Diferenciam-se, em Aristóteles, duas formas ou concepções de justiça: a justiça universal ou geral e a justiça em particular[7].O sentido universal de justiça em Aristóteles (justiça geral) é aquele em que a justiça nos conduz a viver conforme a virtude, confundindo-se com ela, inclusive[8]. Esta forma de justiça leva o homem a seguir as leis que, segundo a lógica, direcionam-no para o bem comum. A lei, segundo essa tradição, funciona como medida e instrumento de articulação das atividades comuns[9]. O homem justo, aqui, confunde-se com o homem bom.  O sentido particular de justiça toma lugar nas situações específicas, de modo a equilibrar as relações que ocorrem na comunidade, os ganhos e as perdas que delas decorrem[10]. Aqui, o injusto é o que busca tirar, conscientemente, da parte que ao outro pertence; em outras palavras, conquista bens ou vantagens que não lhe pertencem[11].

Sob o gênero da justiça em particular, Aristóteles a especifica sob duas formas: a justiça distributiva e a justiça corretiva ou comutativa (ou, ainda, retributiva). Aquela que diz respeito às distribuições de honras e de bens entre os que têm parte na constituição e de acordo com seus méritos é a denominada justiça distributiva[12]. De modo complementar, à que diz respeito ao desempenho de um papel corretivo denomina-se justiça corretiva (ou comutativa)[13]. Nesta última espécie, Aristóteles faz uma nova distinção: (i) a justiça corretiva aplicada às trocas voluntárias (e.g. as compras e vendas, os empréstimos para consumos, as arras, o empréstimo para uso e as locações) e (ii) a justiça corretiva a ser aplicada às trocas involuntárias[14], entre estas, algumas seriam clandestinas (como o furto e o adultério) e outras seriam violentas (como a agressão, o sequestro e o homicídio)[15]. É ao segundo tipo de justiça que pertence o crime. O crime, como objeto do direito penal, é estabelecido como algo a ensejar uma pena se cometido. Em geral, as comunidades estabelecem como crimes as trocas involuntárias. No entanto, ainda que determinada troca voluntária tenha-se estabelecido como crime, aplicar-se-ia a justiça comutativa, de maneira a remover o que aquele que cometeu o crime[16] tirou de outro – aquele que o sofreu – e restituir esta parte de alguma forma. Aqui não importa, portanto, quem cometeu a injustiça, mas qual a injustiça cometida e o quantum do prejuízo. O papel do juiz é o de compensar o dano por uma pena, de forma a retomar o “lucro” obtido a partir do cometimento do delito. Busca-se, em outras palavras, a retribuição ou restituição[17].

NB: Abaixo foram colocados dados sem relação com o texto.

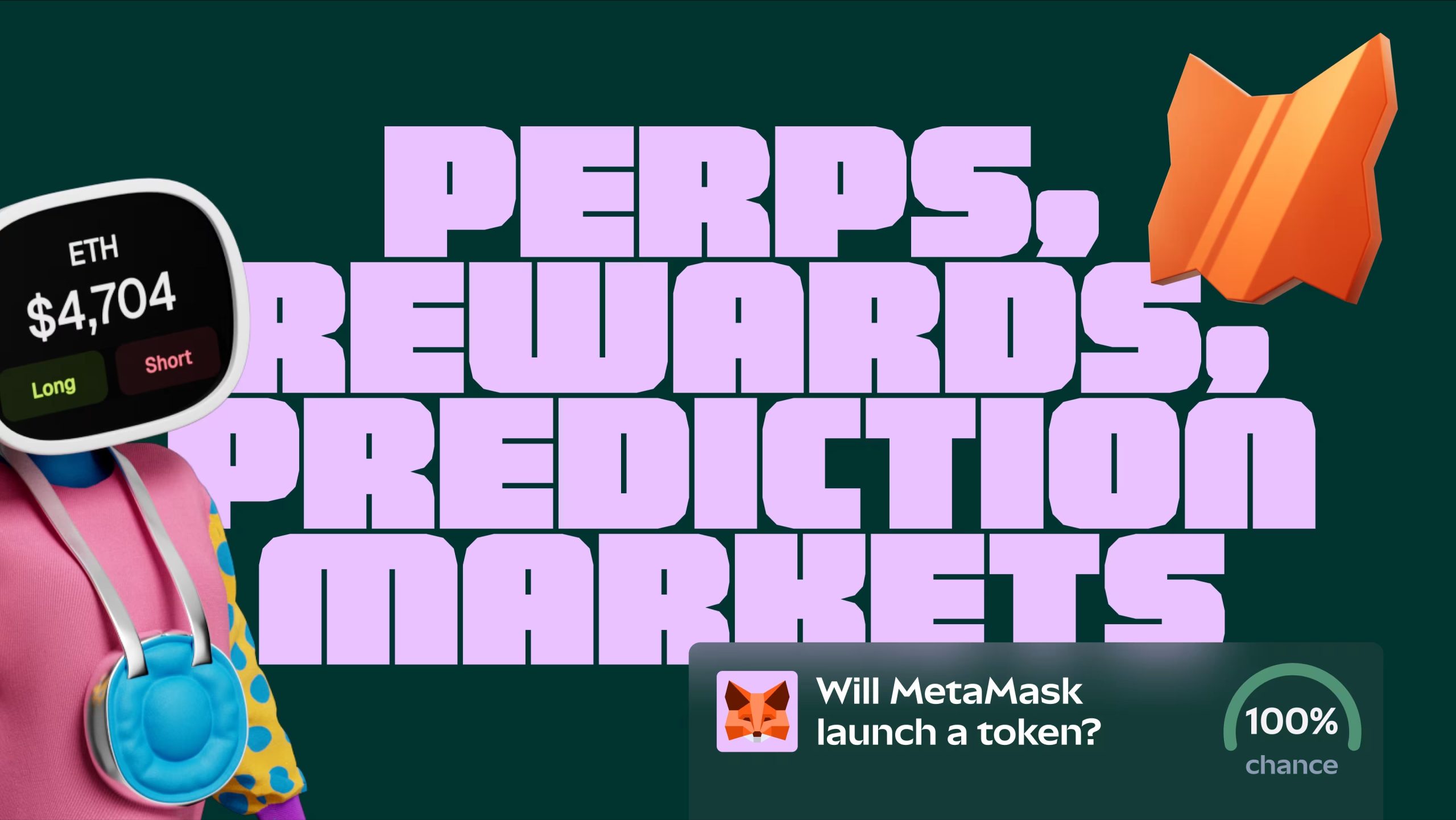 MetaMask 整合 Hyperliquid 與 Polymarket，提供永續合約與預測市場交易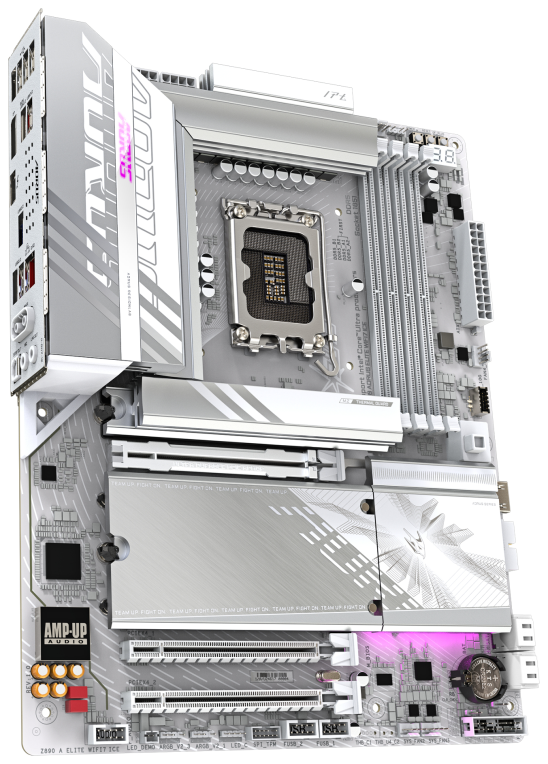 PLACA BASE GIGABYTE Z890 A ELITE WF7 ICE G10 - detalle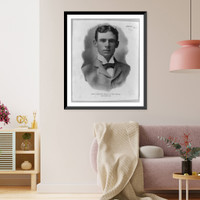 Historic Framed Print, John Joseph McGraw, 1873-1934 - 2,  17-7/8" x 21-7/8"
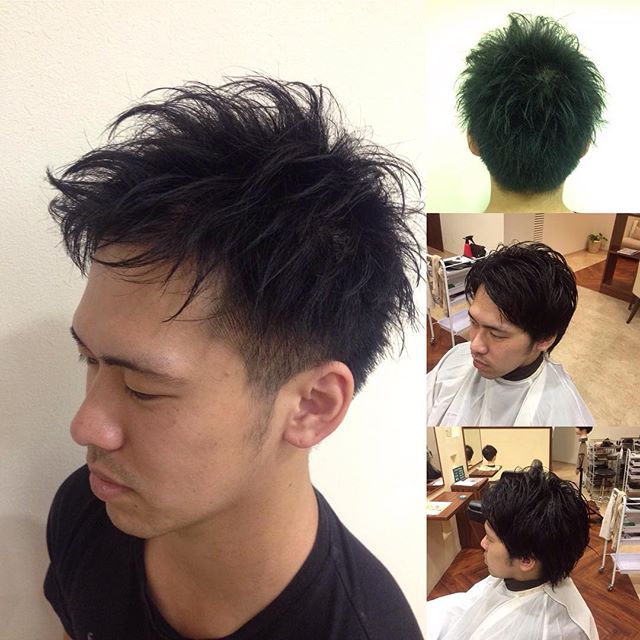 拓也カット
#モヒカン
#束感ショート 
#モテヘアー
#ツーブロック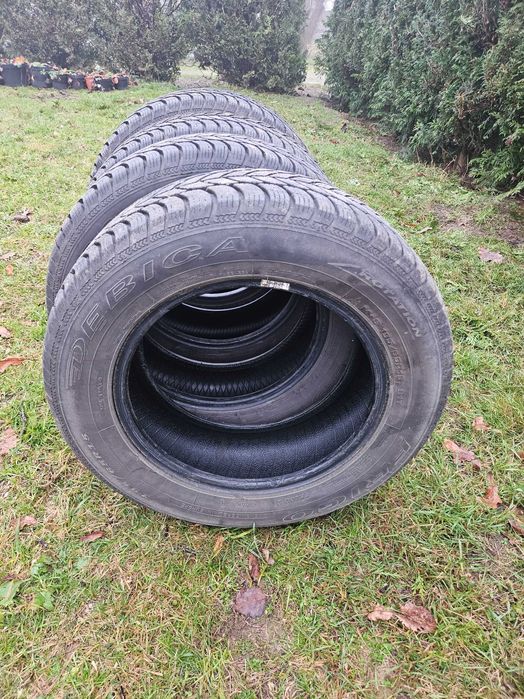 Opony zimowe r15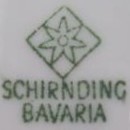Porzellanfabrik Schirnding - Bavaria (mark green 1974 r. ->)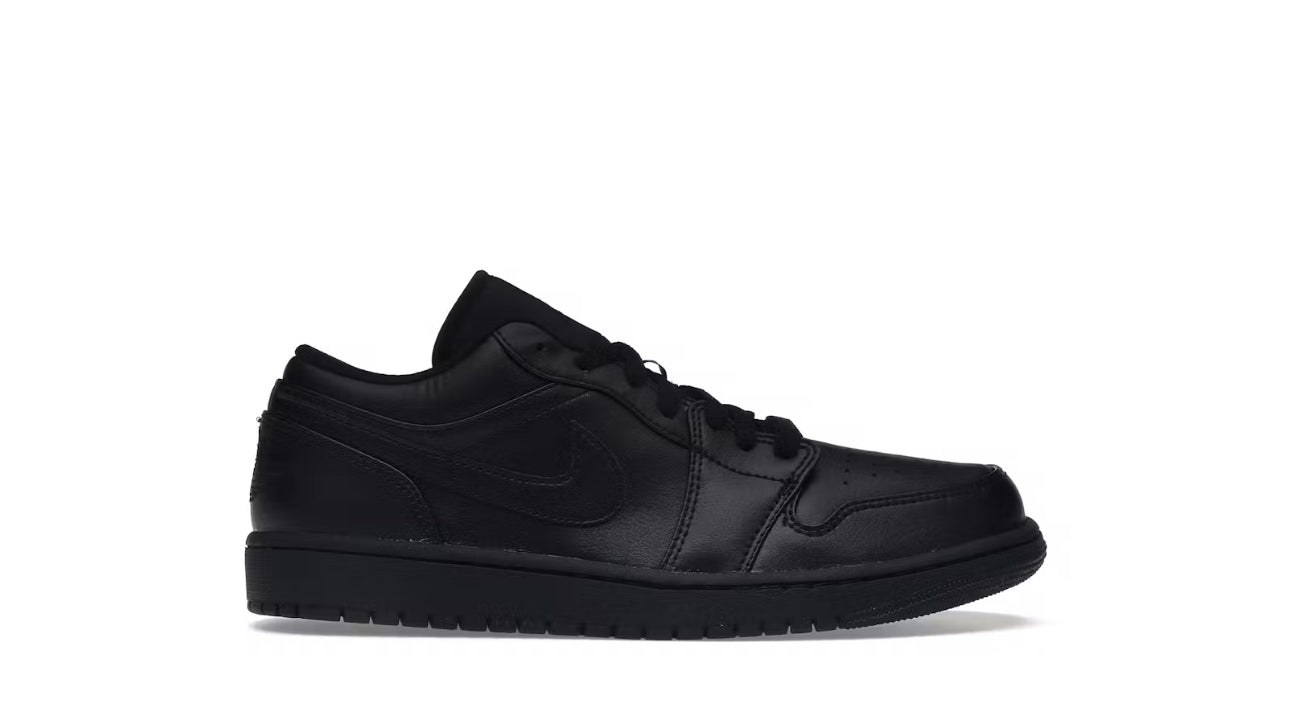 Jordan 1 Low Triple Black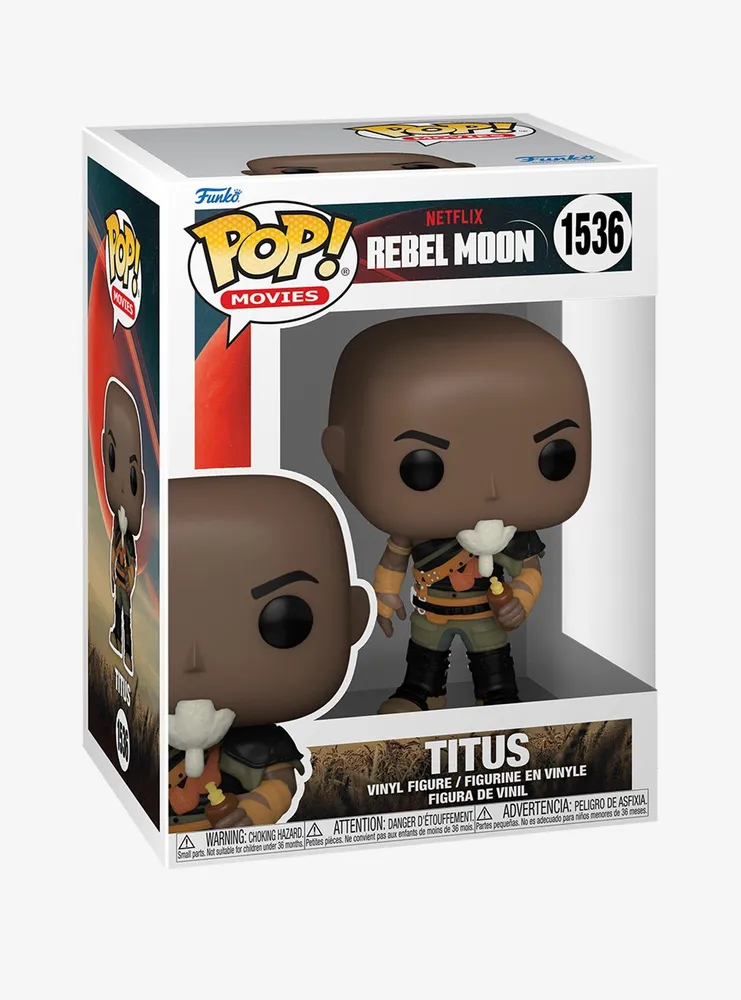 Funko Rebel Moon Pop! Movies Titus Vinyl Figure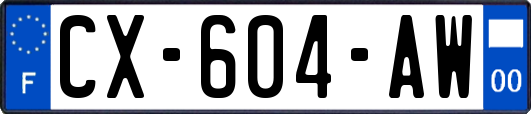 CX-604-AW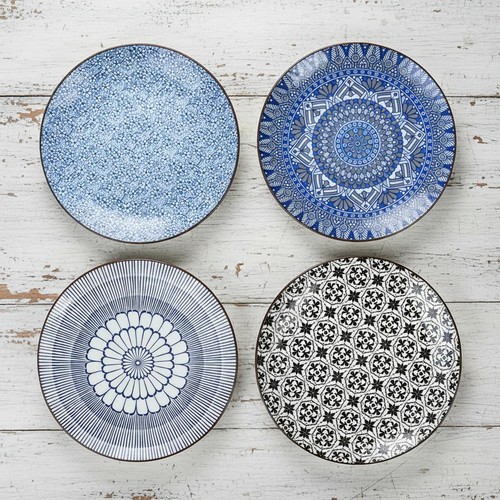 Mix set side 30cm dinner - set, 4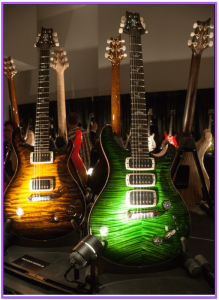 guitar scale length explained- Image of PRS Guitars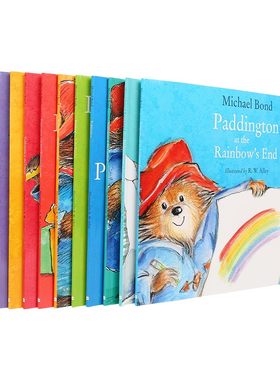 PaddingtonBear帕丁顿熊10册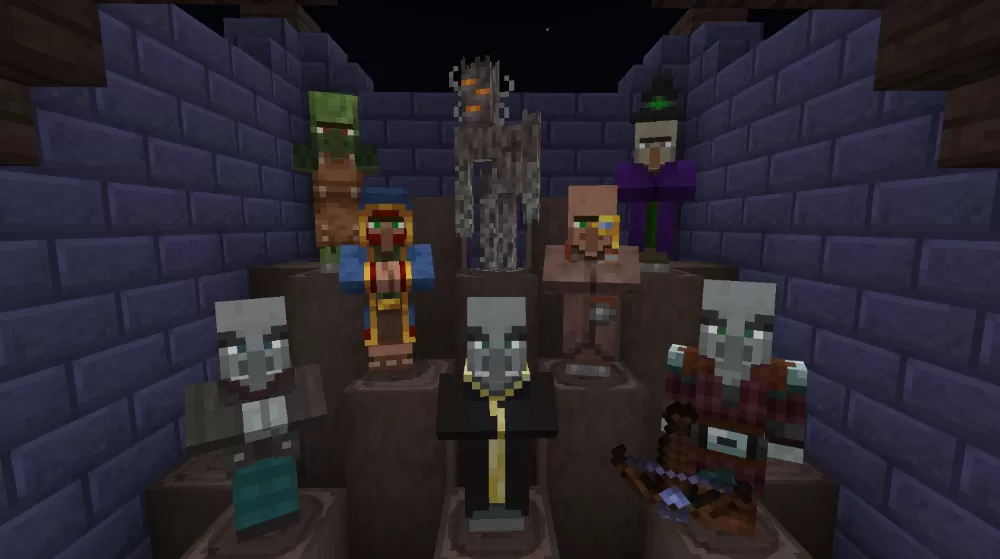 Textures Glowing Mobs+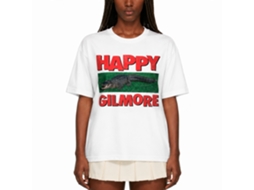 Rockinstone Happy Gilmore Gator White Adult T-shirt Size:l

Como se pôde demonstrar, de acordo com a concepção aristotélica, a justiça nos casos referidos seria feita através do que se passou a denominar em Direito Penal “teoria da retribuição”, que, mais recentemente tem sido criticada por destacados penalistas. A seguir, exporemos as principais críticas feitas à teoria da retribuição.

As críticas à teoria da retribuição

Coletaremos as críticas apresentadas à justificativa retributivista da pena, principalmente, a partir de Crítica da Pena I (2004) de Klaus Günter[18]. O referido ensaio de Günter faz um conciso e bastante completo sumário dessas críticas. Entendemos importante analisar os argumentos dessa crítica porque, como exposto, em primeiro lugar, eles parecem negligenciar ou abandonar conceitos desenvolvidos já na teoria da justiça aristotélica; em segundo lugar porque a retribuição parece ser essencial no atingimento da justiça, ao menos de acordo com a tradição aristotélico-tomista e, em terceiro, porque a ideia de ressocialização surgiu, em grande parte, como resposta aos “problemas” das justificativas tradicionais da pena – entre elas, a teoria retributivista.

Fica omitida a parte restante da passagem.